Monday, March 15, 2010

To Romney Retirees Are To Be Put On An Iceberg

According to Public Policy Polling: “One particular source of strength for Romney at this very early stage is that he's doing even better with senior citizens than the overall electorate. In Florida he's up 47 with voters over 65.”

The surprising poll result this past week giving Romney 52% of conservative support in Florida started me thinking of how astounding this percentage is, especially taking in consideration Romney’s past comments. In a November 2008, New York Times opinion piece, Romney wrote the following, “Furthermore, retiree benefits must be reduced so that the total burden per auto for domestic makers is not higher than that of foreign producers.” It was remembering Romney’s quote from the NYT’s which left ones mind boggled at the 52% support for Romney in the Florida poll.

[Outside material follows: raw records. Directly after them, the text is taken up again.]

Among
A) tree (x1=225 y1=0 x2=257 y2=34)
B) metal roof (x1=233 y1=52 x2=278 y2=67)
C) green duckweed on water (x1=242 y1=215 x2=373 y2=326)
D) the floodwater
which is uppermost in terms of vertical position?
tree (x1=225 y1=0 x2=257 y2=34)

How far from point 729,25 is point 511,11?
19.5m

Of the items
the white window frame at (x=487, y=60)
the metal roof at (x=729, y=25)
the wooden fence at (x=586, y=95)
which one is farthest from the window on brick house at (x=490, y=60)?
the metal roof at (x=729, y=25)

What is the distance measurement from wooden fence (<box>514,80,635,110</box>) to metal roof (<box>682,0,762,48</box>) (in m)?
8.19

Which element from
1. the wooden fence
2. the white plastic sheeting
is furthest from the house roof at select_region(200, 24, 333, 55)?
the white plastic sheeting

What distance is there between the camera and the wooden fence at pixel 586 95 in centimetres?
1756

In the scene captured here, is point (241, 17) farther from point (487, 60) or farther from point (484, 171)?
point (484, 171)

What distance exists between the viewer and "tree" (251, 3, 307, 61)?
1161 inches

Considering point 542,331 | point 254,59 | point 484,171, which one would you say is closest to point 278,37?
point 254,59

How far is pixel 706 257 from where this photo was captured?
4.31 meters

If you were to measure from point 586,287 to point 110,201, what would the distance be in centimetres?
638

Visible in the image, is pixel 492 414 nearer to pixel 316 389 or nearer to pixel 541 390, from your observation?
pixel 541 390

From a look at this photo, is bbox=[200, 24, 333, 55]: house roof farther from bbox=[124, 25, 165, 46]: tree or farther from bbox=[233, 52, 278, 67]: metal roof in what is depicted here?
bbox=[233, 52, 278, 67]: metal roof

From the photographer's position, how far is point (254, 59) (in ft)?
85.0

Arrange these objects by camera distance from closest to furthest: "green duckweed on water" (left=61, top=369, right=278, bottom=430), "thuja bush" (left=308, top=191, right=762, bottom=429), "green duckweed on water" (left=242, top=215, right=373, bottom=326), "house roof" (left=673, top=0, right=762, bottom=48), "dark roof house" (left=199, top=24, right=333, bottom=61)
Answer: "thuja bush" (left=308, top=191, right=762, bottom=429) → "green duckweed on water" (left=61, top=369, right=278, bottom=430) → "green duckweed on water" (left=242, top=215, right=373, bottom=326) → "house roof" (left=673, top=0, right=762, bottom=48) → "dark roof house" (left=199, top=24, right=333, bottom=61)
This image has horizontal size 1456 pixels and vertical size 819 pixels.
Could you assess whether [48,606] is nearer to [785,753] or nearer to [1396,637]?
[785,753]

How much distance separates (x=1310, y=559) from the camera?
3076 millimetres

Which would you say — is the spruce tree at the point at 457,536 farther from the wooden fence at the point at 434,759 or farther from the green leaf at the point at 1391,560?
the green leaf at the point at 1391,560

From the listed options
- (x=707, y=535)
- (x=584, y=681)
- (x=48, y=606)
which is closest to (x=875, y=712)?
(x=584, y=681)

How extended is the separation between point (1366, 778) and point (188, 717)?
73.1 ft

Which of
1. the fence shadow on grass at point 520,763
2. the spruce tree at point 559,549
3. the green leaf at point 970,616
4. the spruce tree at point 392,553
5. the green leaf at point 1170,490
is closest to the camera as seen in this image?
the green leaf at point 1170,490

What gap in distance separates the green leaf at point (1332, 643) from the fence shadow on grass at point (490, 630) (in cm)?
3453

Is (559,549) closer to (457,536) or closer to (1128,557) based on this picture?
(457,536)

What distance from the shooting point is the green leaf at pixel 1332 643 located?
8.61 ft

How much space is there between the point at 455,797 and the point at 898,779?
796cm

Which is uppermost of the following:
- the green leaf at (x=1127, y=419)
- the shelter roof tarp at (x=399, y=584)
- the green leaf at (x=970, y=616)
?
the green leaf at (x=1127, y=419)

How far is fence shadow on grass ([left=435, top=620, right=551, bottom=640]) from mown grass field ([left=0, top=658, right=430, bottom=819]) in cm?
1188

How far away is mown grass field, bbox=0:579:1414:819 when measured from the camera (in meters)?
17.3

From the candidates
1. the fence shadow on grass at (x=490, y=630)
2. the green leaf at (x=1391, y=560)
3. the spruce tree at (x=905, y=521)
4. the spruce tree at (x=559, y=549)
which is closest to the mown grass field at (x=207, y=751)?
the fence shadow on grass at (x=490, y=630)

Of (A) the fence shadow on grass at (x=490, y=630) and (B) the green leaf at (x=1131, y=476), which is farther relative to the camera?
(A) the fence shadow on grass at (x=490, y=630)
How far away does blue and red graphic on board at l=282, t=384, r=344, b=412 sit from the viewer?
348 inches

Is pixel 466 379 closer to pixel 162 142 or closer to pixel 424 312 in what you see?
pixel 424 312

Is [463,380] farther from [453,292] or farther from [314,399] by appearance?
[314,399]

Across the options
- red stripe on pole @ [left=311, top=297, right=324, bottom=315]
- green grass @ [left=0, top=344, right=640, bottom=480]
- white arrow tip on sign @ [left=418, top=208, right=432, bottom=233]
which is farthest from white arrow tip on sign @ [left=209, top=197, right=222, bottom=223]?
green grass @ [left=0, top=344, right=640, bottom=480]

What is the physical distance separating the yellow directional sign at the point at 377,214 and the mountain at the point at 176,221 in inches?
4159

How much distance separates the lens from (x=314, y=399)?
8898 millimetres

Romney’s opinion piece doesn’t deal with the retirements lost when Romney took over companies while he was over Bain Capital, closing companies down and sending jobs overseas.

No doubt, Romney also down played that in 2007 he nixed “legislation, that would have increased the amount of money that public sector retirees could earn while working part-time for the state or local government, was enacted by the Legislature”, but rejected by Mitt Romney while he was governor.

As companies were in the middle of offering early retirements, in attempts to down size, Romney outlined his solutions to issues of social security and Medicare in a 2008 interview with Glenn Beck:

GOVERNOR ROMNEY: Well, I think the best way I've been able to get it across, and it is in my view why I've been able to do as well as I have in the season so far is that I say quite bluntly and with a major sign that's standing up behind me says Washington is broken. We simply cannot keep on going the way we have gone. We have to deal with the challenges we have. The good news is Medicare, Medicaid and Social Security can be fixed so that they don't have to weigh down our entire economy. The annual spending is --

GLENN: How? How do you fix it?

GOVERNOR ROMNEY: Well, yeah. Well, Social Security's the easiest and that's because you can give people a personal account, you can extend the retirement age and you can calculate the initial benefit based on inflation for higher income people rather than the wage index which goes up so much higher. Those simple arithmetic changes will keep Social Security from bankrupt.

GLENN: Hold it just a second. I can -- hold on. I think I just heard a politician say "Extend the retirement age"?

I am not sure Mitts statement is simpleton, or wishful thinking, at the least he is not thinking rational to the realities of people forced into the bulging retiree population due to downsizing, much less the ones forced into unemployment.

Maybe Romney, during his Florida tour, has been grooming his speeches to appeal to the audience he is speaking in front of at the moment; one wonders if in the land of retiree’s in Florida, both the blue and white collar workers know in the cold pits of Romney’s heart, the first to be sent out on an iceberg are the aged and retired.

Most people do not have the luxury which Romney enjoys, of jet setting to one of his multi-million dollar homes, popping off for a sunny excursion overseas, zipping down exotic ski slopes, or spending millions, and millions on a failed presidential run. One wonders how Mitt can go to the land of palm trees and fixed incomes, asking for their vote.